INTERESTNEWS, — SALATIGA — Pemerintah Kota Salatiga terus menunjukkan komitmennya dalam meningkatkan aksesibilitas dan konektivitas wilayah melalui pengawalan pembangunan Exit Tol Pattimura. Hal ini ditunjukkan dengan peninjauan sekaligus sosialisasi proyek tersebut oleh Wali Kota Salatiga pada Sabtu (18/04/2026).
Kegiatan ini dihadiri oleh Anggota Komisi V DPR RI Drs. Fadholi, Bupati Semarang H. Ngesti Nugraha, Kepala Dinas Pekerjaan Umum dan Penataan Ruang (PUPR) Provinsi Jawa Tengah Henggar Budi Anggoro, Dirjen Bina Marga Kementerian PUPR beserta jajaran, serta unsur pemerintah daerah dan masyarakat.
Anggota Komisi V DPR RI, Drs. Fadholi, menyampaikan bahwa pembangunan Exit Tol Pattimura merupakan hasil proses panjang yang melibatkan berbagai pihak. Di tengah kebijakan efisiensi anggaran, proyek ini tetap dapat berjalan berkat sinergi lintas sektor.
“Pembangunan exit tol ini merupakan hasil kerja keras bersama. Kehadiran para lurah, ketua RT, dan ketua RW dalam sosialisasi sangat penting agar masyarakat memahami rencana pembangunan. Dengan adanya exit tol, akan ada pelebaran jalan serta penyesuaian infrastruktur lainnya,” ujarnya.
Mewakili Gubernur Jawa Tengah, Kepala Dinas PUPR Provinsi Jawa Tengah Henggar Budi Anggoro menjelaskan bahwa pembangunan Exit Tol Pattimura merupakan langkah strategis dalam meningkatkan konektivitas antara Kota Salatiga dan Kabupaten Semarang.
Ia menambahkan, rencana pembangunan tersebut telah diinisiasi sejak tahun 2015 melalui usulan Pemerintah Kota Salatiga, yang mencerminkan aspirasi jangka panjang masyarakat.
“Pembangunan ini merupakan bagian dari perencanaan jangka panjang yang diharapkan mampu mendorong pertumbuhan wilayah secara berkelanjutan,” jelasnya.
Sementara itu, Wali Kota Salatiga, dr. Robby Hernawan, Sp.OG., menegaskan bahwa sosialisasi kepada masyarakat menjadi bagian penting dalam mewujudkan transparansi dan membangun kepercayaan publik.
“Melalui sosialisasi ini, masyarakat diharapkan memahami serta terlibat dalam proses pembangunan. Kami berkomitmen agar pembangunan berjalan dengan memperhatikan aspek tata ruang, kelestarian lingkungan, serta kepentingan masyarakat,” tegasnya.

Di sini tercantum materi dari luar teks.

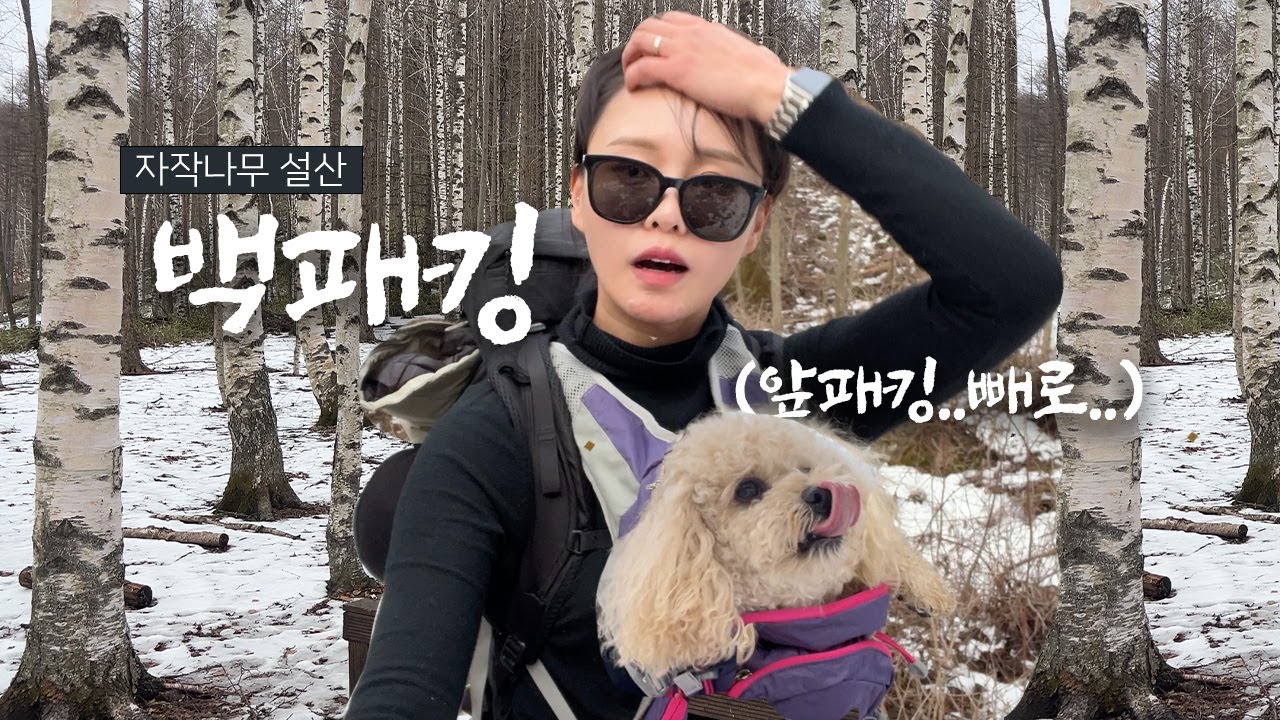 [애견동반 백패킹] 어리석었죠 강아지랑 눈오는날 백패킹 간다는게,,,6kg 강아지 앞에 메고 텐트 뒤에 짊어지고 자작나무 하이킹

Bupati Semarang, H. Ngesti Nugraha, turut mengapresiasi kolaborasi berbagai pihak dalam mendukung pembangunan Exit Tol Pattimura yang direncanakan bermuara di Desa Pabelan, Kabupaten Semarang.
Ia juga menyampaikan usulan tambahan pembangunan exit tol di wilayah Bergas sebagai upaya memperkuat konektivitas dan mendorong pertumbuhan ekonomi kawasan.
“Kami akan melakukan penyesuaian yang diperlukan guna mendukung pembangunan ini. Harapannya, Kota Salatiga dan Kabupaten Semarang dapat berkembang bersama secara sinergis,” ungkapnya.
Pembangunan Exit Tol Pattimura diharapkan dapat berjalan lancar serta memberikan manfaat nyata bagi masyarakat, mulai dari peningkatan aksesibilitas hingga terbukanya peluang ekonomi baru di Kota Salatiga dan sekitarnya.